» **Data for the task**

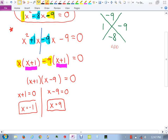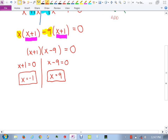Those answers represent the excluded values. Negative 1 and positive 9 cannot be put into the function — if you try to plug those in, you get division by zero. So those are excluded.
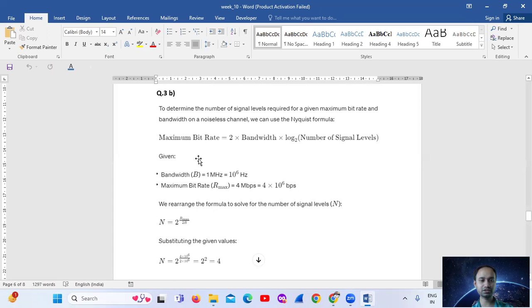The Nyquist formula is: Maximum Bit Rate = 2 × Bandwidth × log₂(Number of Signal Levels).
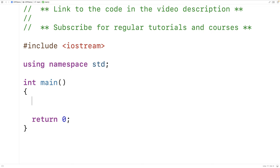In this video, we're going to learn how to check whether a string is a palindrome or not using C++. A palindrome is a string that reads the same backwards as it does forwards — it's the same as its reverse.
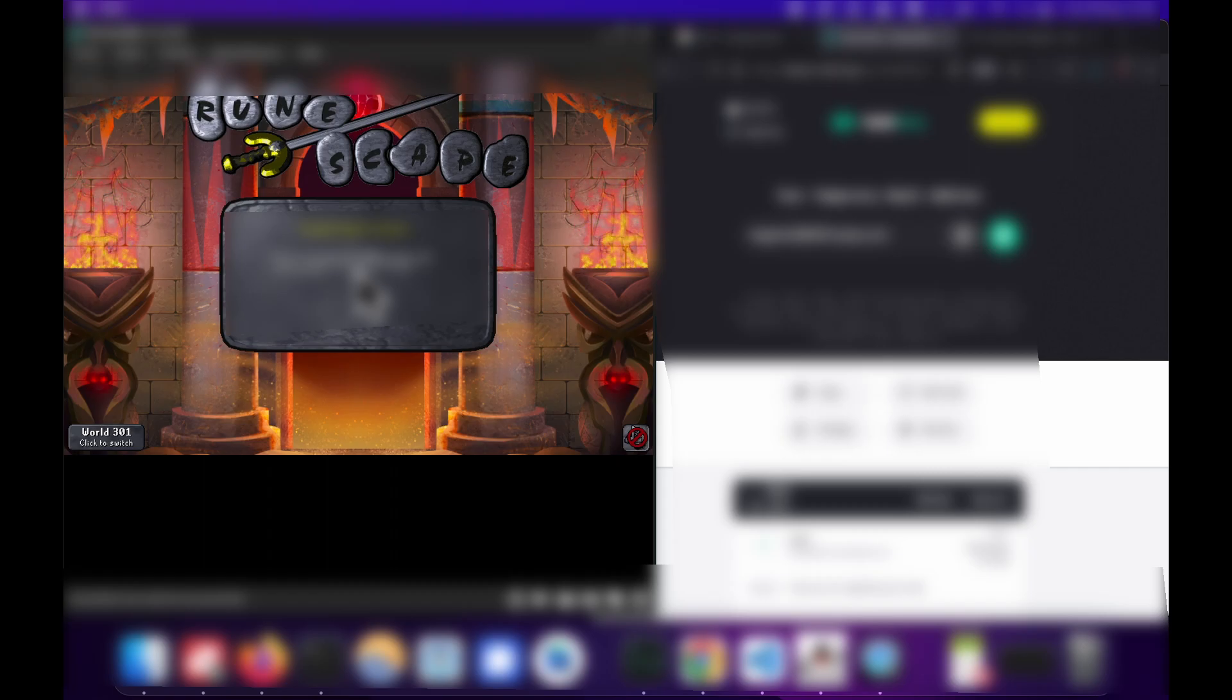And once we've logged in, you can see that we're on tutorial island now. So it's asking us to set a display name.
==
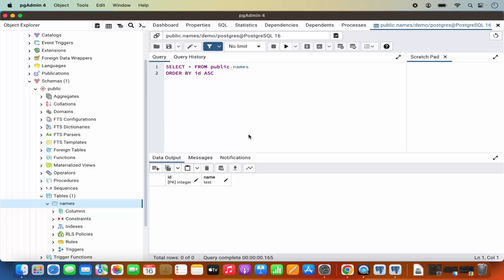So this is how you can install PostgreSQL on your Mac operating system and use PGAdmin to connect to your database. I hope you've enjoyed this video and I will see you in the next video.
==
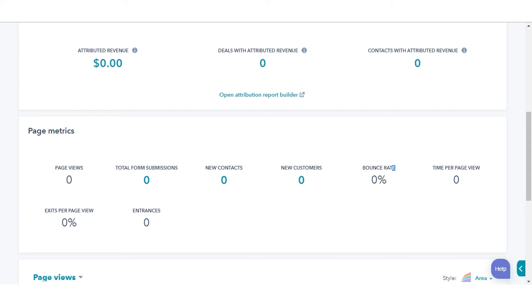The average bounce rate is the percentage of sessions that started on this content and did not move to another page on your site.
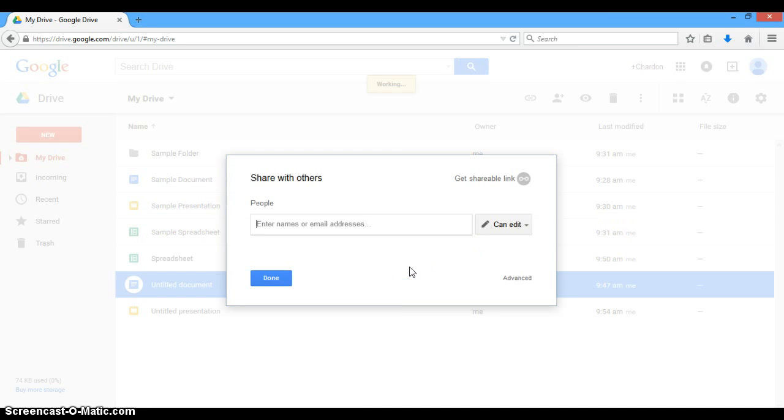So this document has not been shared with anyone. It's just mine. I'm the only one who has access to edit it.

» **Your goal**
In the listing above, find the line with "In this video, we're" and the line with "And once we've". Output both, plus every line between them, and no pictures.

» **Response for this exercise**
In this video, we're going to learn how to check whether a string is a palindrome or not using C++. A palindrome is a string that reads the same backwards as it does forwards — it's the same as its reverse.
And once we've logged in, you can see that we're on tutorial island now. So it's asking us to set a display name.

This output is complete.